Work required = Working from the entries that follow, transcribe exactly and only the lines from the one with "this 640×480 image." through the last, pictures excluded.

Stored items from a collection
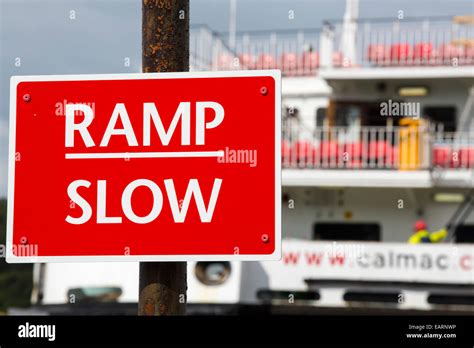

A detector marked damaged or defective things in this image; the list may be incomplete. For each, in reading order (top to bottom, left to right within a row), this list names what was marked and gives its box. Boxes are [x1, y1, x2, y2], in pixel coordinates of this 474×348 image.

rusty metal pole [138, 0, 188, 316]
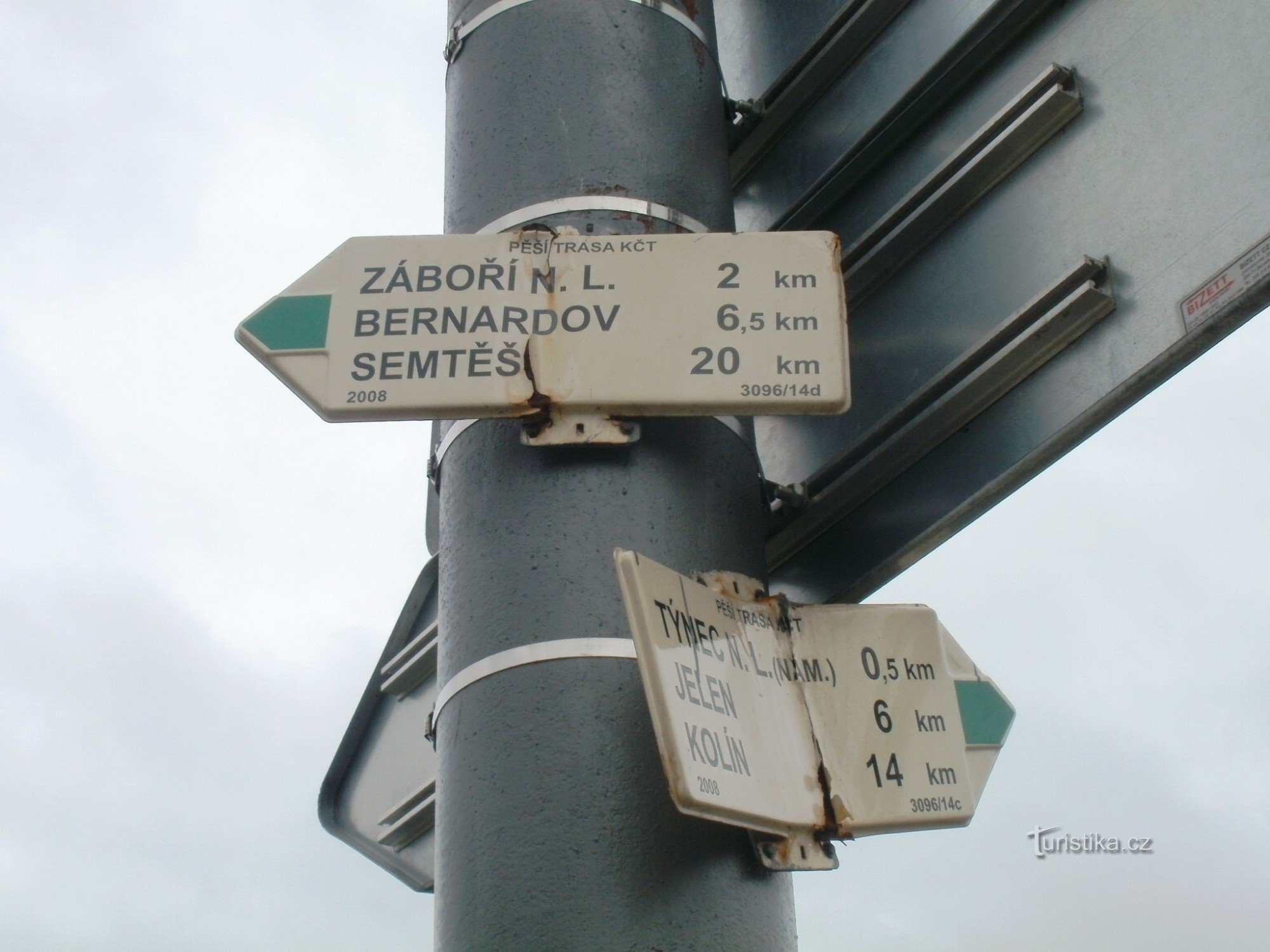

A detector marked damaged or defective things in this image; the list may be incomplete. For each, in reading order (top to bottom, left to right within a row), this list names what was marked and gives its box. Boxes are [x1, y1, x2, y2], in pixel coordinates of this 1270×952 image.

rusty sign [239, 230, 853, 419]
rusty sign [615, 556, 1011, 848]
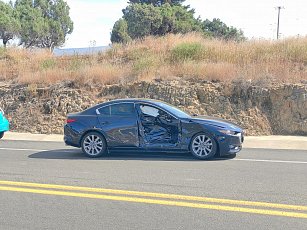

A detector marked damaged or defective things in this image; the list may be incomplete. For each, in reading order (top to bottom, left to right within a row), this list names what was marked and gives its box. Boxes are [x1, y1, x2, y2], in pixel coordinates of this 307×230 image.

damaged car door [137, 103, 180, 148]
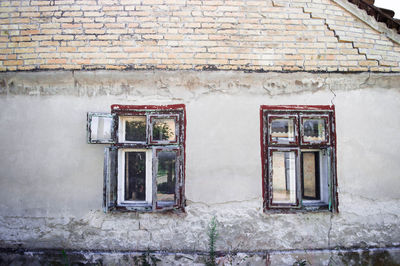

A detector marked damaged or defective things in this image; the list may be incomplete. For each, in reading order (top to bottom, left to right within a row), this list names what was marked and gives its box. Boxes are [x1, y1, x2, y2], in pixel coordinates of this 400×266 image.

broken glass pane [89, 116, 111, 141]
broken glass pane [126, 116, 146, 141]
broken glass pane [152, 118, 176, 141]
broken glass pane [270, 119, 296, 143]
broken glass pane [304, 118, 324, 142]
broken glass pane [124, 151, 146, 201]
broken glass pane [155, 152, 176, 202]
broken glass pane [272, 152, 296, 204]
broken glass pane [302, 152, 320, 200]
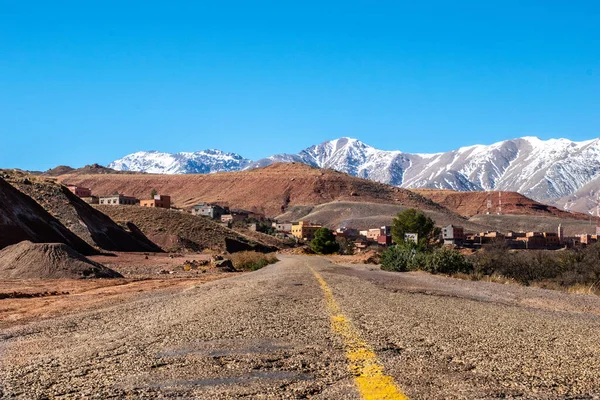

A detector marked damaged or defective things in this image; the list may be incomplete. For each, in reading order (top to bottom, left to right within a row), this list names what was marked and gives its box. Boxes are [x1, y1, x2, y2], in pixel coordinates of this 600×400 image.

cracked asphalt [1, 255, 600, 398]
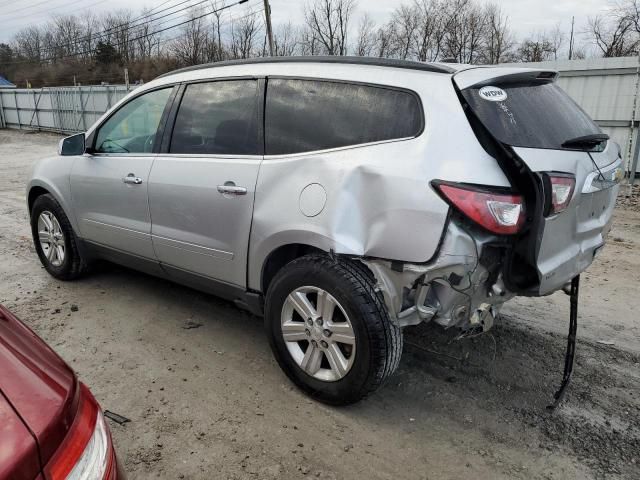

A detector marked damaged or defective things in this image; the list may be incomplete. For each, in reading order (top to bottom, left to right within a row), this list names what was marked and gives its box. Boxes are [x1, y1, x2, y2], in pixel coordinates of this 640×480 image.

rear wheel well damage [27, 187, 49, 215]
rear wheel well damage [262, 244, 324, 292]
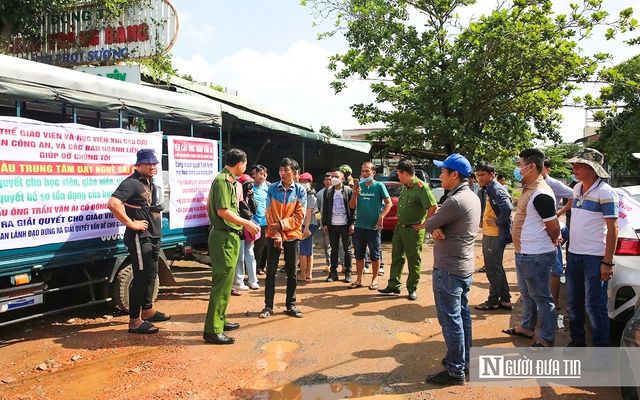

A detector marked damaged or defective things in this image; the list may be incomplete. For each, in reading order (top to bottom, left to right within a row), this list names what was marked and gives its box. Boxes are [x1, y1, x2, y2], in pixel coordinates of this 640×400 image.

pothole in road [255, 340, 300, 372]
pothole in road [250, 382, 396, 398]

Your response =
A detector marked damaged or defective things in this image; the list may be incomplete. For each, in reading order (top to bottom, left to right within a row), this list names what was marked and gives its box. Boxes are [x1, y1, x2, y2], in pixel coordinates of this 640×480 image.

rear wheel well damage [27, 187, 49, 215]
rear wheel well damage [262, 244, 324, 292]

A detector marked damaged or defective things in this image; the list may be incomplete. For each, in reading order (top to bottom, left to right within a row), this list names what was marked and gives its box. Boxes are [x1, y1, x2, y2], in pixel coordinates of this 640×400 image.

pothole in road [255, 340, 300, 372]
pothole in road [250, 382, 396, 398]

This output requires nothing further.